Ecdadımızın hayat hassasiyeti, gönül yüceliği ve nezaketi öylesine fazlaydı ki kelimelerle ifade edebilmenin çok kolay olduğunu söyleyemeyiz.
Malını, gönlünü, hatta ömrünü vakfeden, insanların en hayırlısı, insanlara faydalı olandır, düsturu üzere mücadele eden bir nesil düşünün. Hayır işleri için sadece mallarını değil, gönüllerini ve ömürlerini dahi ortaya koyabilen ferasetli bir nesil...
Malı mülkü vakfetmek kolay değildir. Gönlü vakfetmek çok zordur. Ömrü vakfedebilmek ise her insana nasip olmayan bir durumdur.
Osmanlı kültürü ve hoşgörüsü ile yoğrulmuş olan Kıbrıs adası, vakıf medeniyetinin en belirgin özelliklerini taşımakta, tam 2200 adet vakfa da ev sahipliği yapmaktadır.

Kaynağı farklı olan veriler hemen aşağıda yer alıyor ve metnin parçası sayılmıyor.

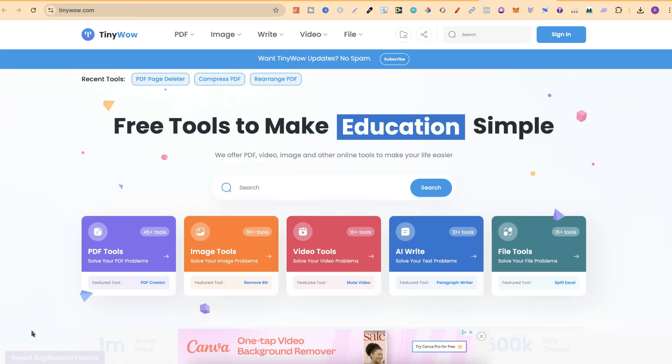So that's just how simple it is to rearrange pages in a PDF.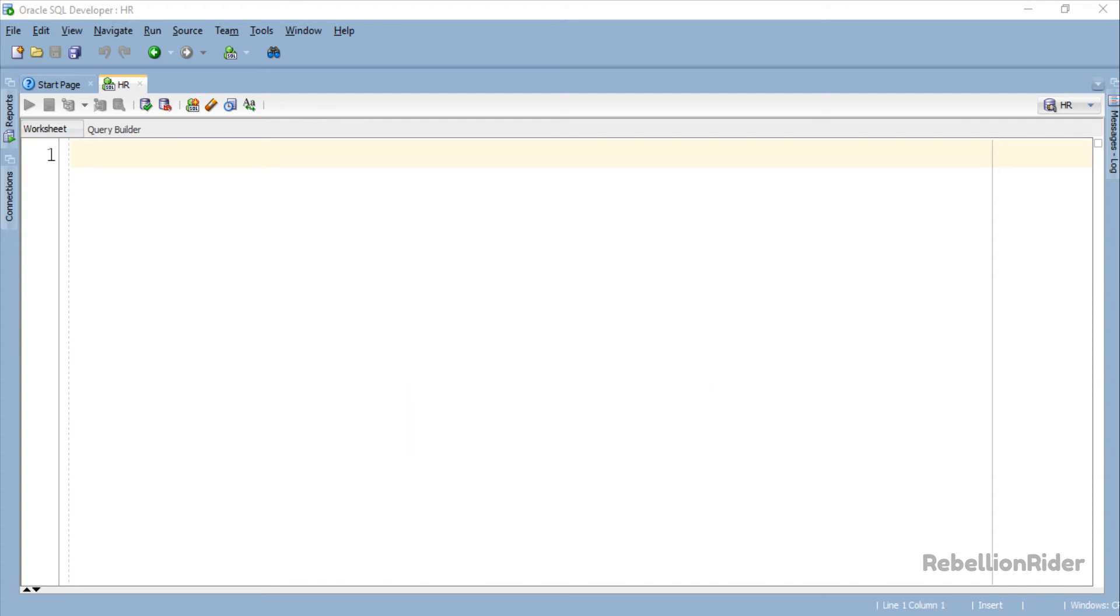What's up Internet? I am Manish from RebellionRider.com. Welcome to the 4th tutorial in PL/SQL ref cursor series.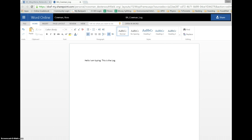There we go. So now I've retitled it from 8A Kalman Notes to 8A Kalman Log.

Vakıf sayısının fazlalığı da hayır işlerinin ve vakıf medeniyetinin mazimizde ne denni yeri olduğuna işaret ediyor.
Vakıf, içeriğinde çok sayıda güzellik ihtiva eden birmedeniyettir de diyebiliriz.
Ancak kısaca ifade etmek gerekirse engellilere, hastalara, yaşlılara, öğrencilere, evlenecek gençlere ve tüm ihtiyaç sahiplerine destek olmak isteyen, okul, hastane, çocuk parkı, cami gibi toplumsal hizmet alanları oluşturmayı hedefleyen,
çevreyi, sokak hayvanlarını, hatta göçmen kuşları düşünen binlerce gönlü güzel insanı aynı yolda buluşturan yüce bir aşktır vakıf medeniyeti...
Bence bu konuyu biraz daha detaylandıralım...
Yüzlerce dönüm arazisini kurduğu vakfa bağışlayan ve bu arazilerden oluşacak gelir ile ihtiyaç sahiplerine destek verilmesini hedefleyen bir paşa düşünün.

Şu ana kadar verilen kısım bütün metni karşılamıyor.